You may have been there before. You’re in an online business group. You’re in the group with mostly those who are B2B consultants. Someone asks a question, is looking for a service provider recommendations or shares an opinion and it’s picked on like the seagulls snapping at the snarky crab on Finding Nemo.

You comment and someone one ups you. Then their friend chimes in. Ohhh, they’re gaining steam. Yet another chimes in, expressing advice that feels like a personal attack. You respond, or not, and one ally quietly clicks your comments LIKE button. You’ve lost this battle, this job opportunity, this online expert bickering match. You feel defeated and log off of Facebook for the rest of the afternoon.
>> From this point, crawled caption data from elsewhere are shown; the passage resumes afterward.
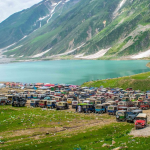 Travel field whether in naran places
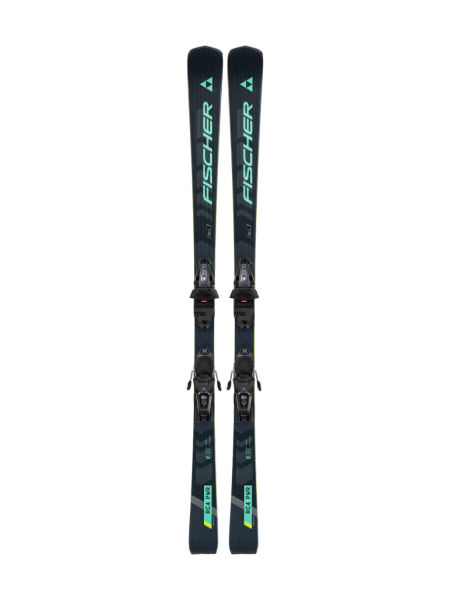 FISCHER RC4 Power Ski + RS 10 PR Skibindung Dame | 150 | schwarz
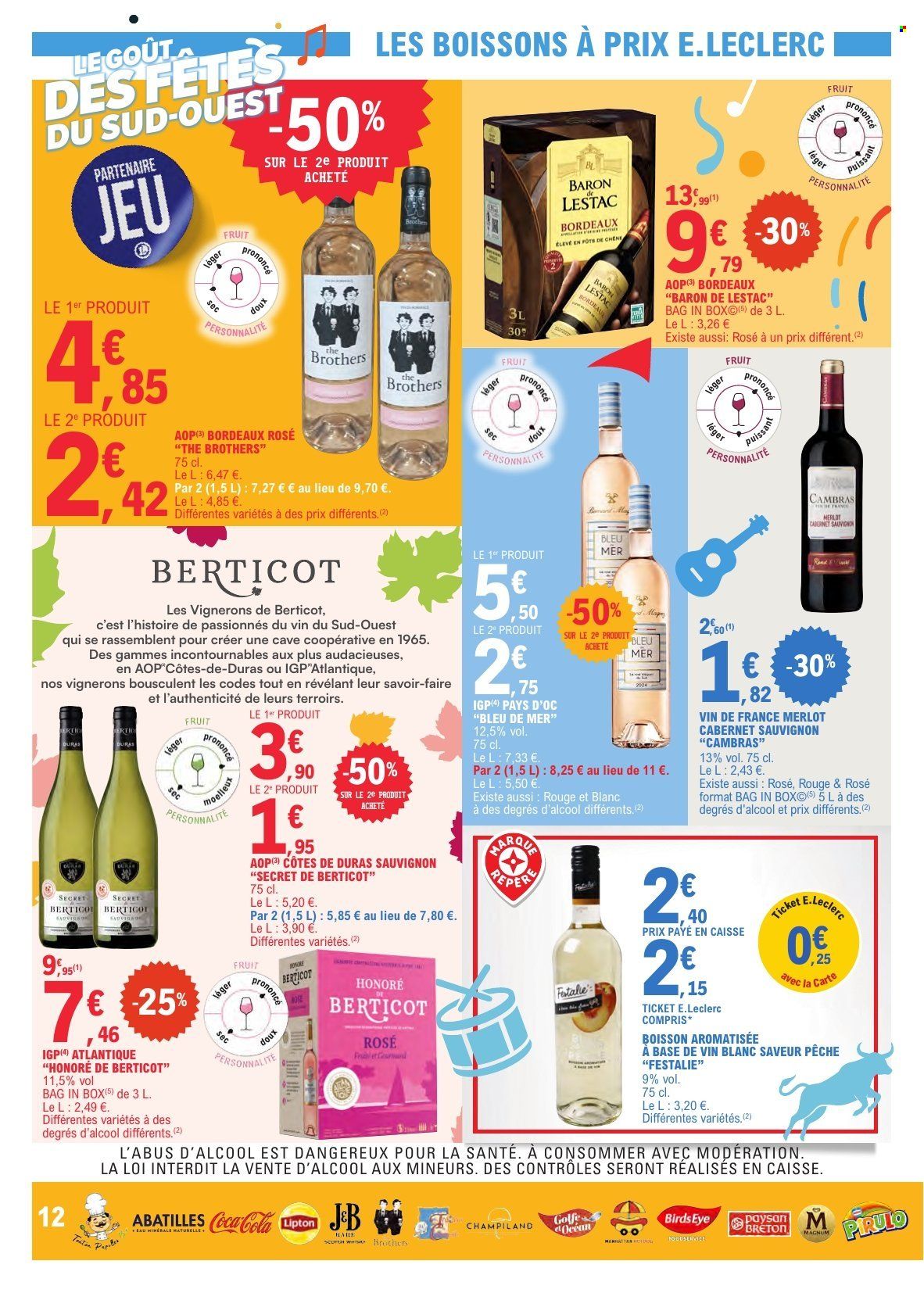 Catalogue E.Leclerc - 16/06/2026 - 27/06/2026. Page 12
A few years ago in a major international entrepreneurial freedom group, this was me. A girl asked about branding. I attempted to coach her on the spot, asking probing questions to see what was at the core of her inquiry. Another woman chimed in and with seething passive aggression said “the others” don’t know what they are talking about and that all she needed to do was X, Y, Z. I let her know by directly addressing her that she was rude. Her crew pounced and I made a conscious decision to disengage because they obviously needed to be right, to woo this group member and get her to buy in, and for me to die a mini death by supercoach expertise.

It happens a lot on Facebook groups specifically. LinkedIn groups are either overwrought with spam or painfully silent with one dedicated marketer pushing all of their latest blog posts to an uninterested group of people who joined but saw the Lone Wolf and abandoned any interest in participation. Other communities suffer with these same passive aggressive members or expression blatant aggression plus exclusivity or cliques, making outsiders feel unwelcome. The only way around it is not to get involved at or or come in, bow down, and let the in-crowd maintain their position of dominance within the space. Online groups, niche communities, and high school have so much in common.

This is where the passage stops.